Even though the Lutheran Church doesn’t venerate or honor the same saints the way other denominations do, we still use expressions like, “oh, they’re such a saint” when someone does something selfless.

And when I think of the saints who have gone before us, I have this picture in my mind from our reading from Revelation, all these good and beautiful people robed in white, standing around God’s throne to worship.  Peacemakers, those who have worked tirelessly for justice, the meek, the pure in heart.

And the more this picture is in my mind, the less I can see myself standing there too.  If the saints are the super stars of the faith, where do the rest of us normal people stand?  You know, those of us who get road rage and have mean thoughts about people and buy Halloween decorations we don’t need even though it’s bad for the planet.  Those of us who try so hard to look like we’ve got it all together, but usually just don’t.  Those of us who struggle with doubt and fear and feelings of unworthiness.  I wonder if there’s a place for us in the gathering of the saints.

But then I think of a man we’ll call Mark.  He passed away and my campus pastor was asked to lead his memorial service.  My pastor had never met Mark, so he gathered Mark’s grown children to plan out the service and start to learn a little about him so he could preach the sermon.  The family was all pretty quiet, only briefly mentioning hobbies, or a couple important dates.  Until one son just couldn’t take it anymore.  “You know what,” he said, “Dad was kind of a jerk.  He never treated us right, he had anger issues, and I don’t really have too many good things to say about him.”

That opened the floodgates for his siblings as they also shared grievances about this man that they loved but also had been in conflict with for a long time.  They shared story after story and the pastor began to wonder what on earth he would preach at the memorial service.  He didn’t want to speak ill of the dead, but to preach a generic sermon about how great Mark was and how much everyone would miss him would be a disservice to his children.

In the end he decided to tell the truth.  The truth about Mark, but more importantly, the truth about God – a God who calls us all children, not because we are lovable but because God is loving.

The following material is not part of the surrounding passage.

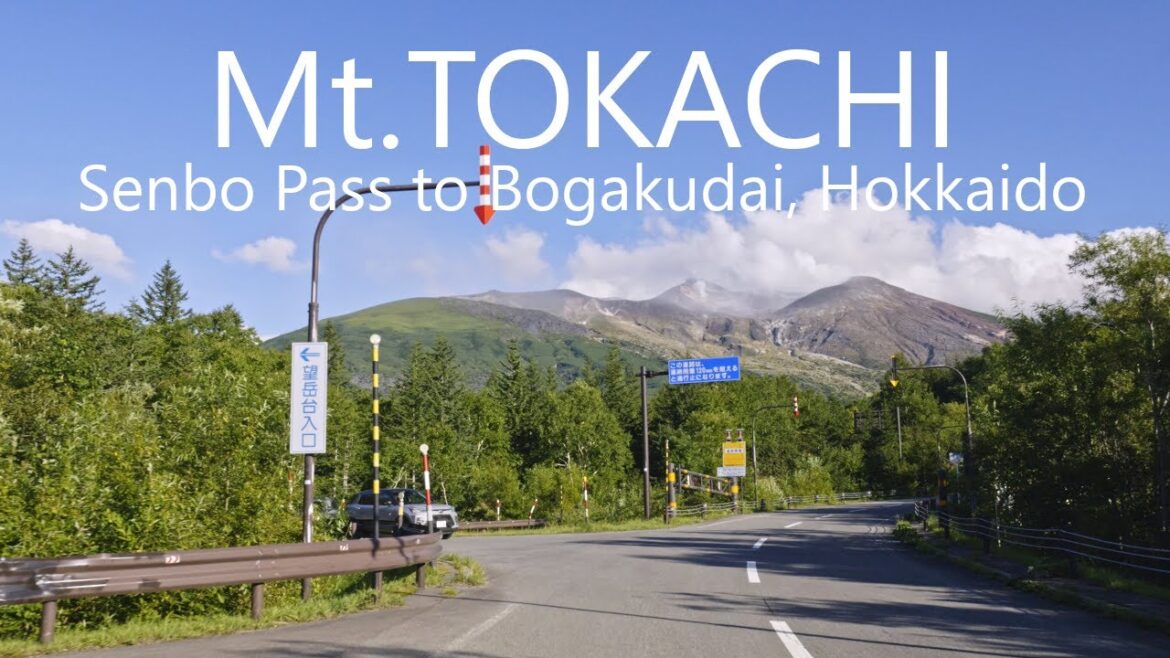 4K Hokkaido Drive | Senbo Pass to Mt. Tokachi Bogakudai Observatory, Japan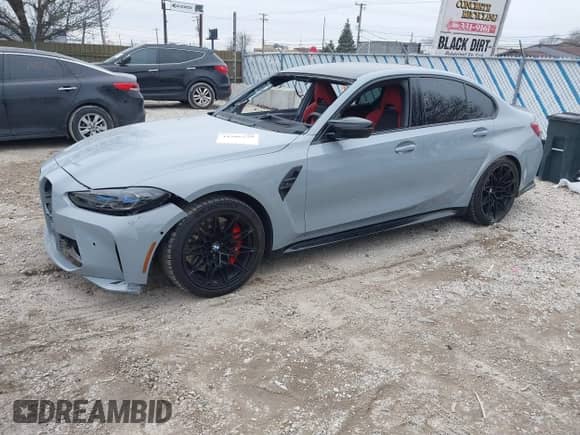 2024 BMW M3 Competition xDrive with VIN WBS43AY08RFS19830, listed as a IAAI auction lot 41506228 with 10,330 mi miles and . Bid and sale history available at DreamBid. Image 2.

My pastor preached a sermon that claimed God’s promises for Mark and for all of us – promises of love and salvation and life eternal – not based on any merit of our own but entirely on God’s goodness.  Promises that were made at our baptism and are kept by our steadfast God, promises that we can stake our lives on.  Beloved, we are God’s children now.

Today we remember the saints who have gone before us, especially those who have passed away in the past year.  Some are easier to honor than others.  But we remember them all:

The ones we love and the ones we wish had loved us better

The ones we cherish and the ones we’re ready to forget and the ones we never knew at all

All of them held by the embrace of an eternally loving God, all sanctified by the blood of the lamb, all joyfully welcomed into the kingdom of heaven.

Today we also celebrate the saints who are still here on Earth, the entire body of Christ, all of us gathered here.  We are saints and we are sinners, people who try to follow God and often fail, who work for justice but also unwittingly contribute to injustice,

the poor in spirit and the over-consumers;

the meek and the aggressive;

those who hunger for righteousness and those caught in systemic sin;

the merciful and the vengeful;

the pure in heart and the corrupt;

the peacemakers and the warmongers.

And every single person in between.  All of us caught up in the amazing and life-giving power of God’s love.    And now maybe we can look closer at the crowd gathered around God’s throne and see beyond the pure-white robes – to see people just like us.  Sinners. Saints.  Beloved children of God.  Thanks be to God.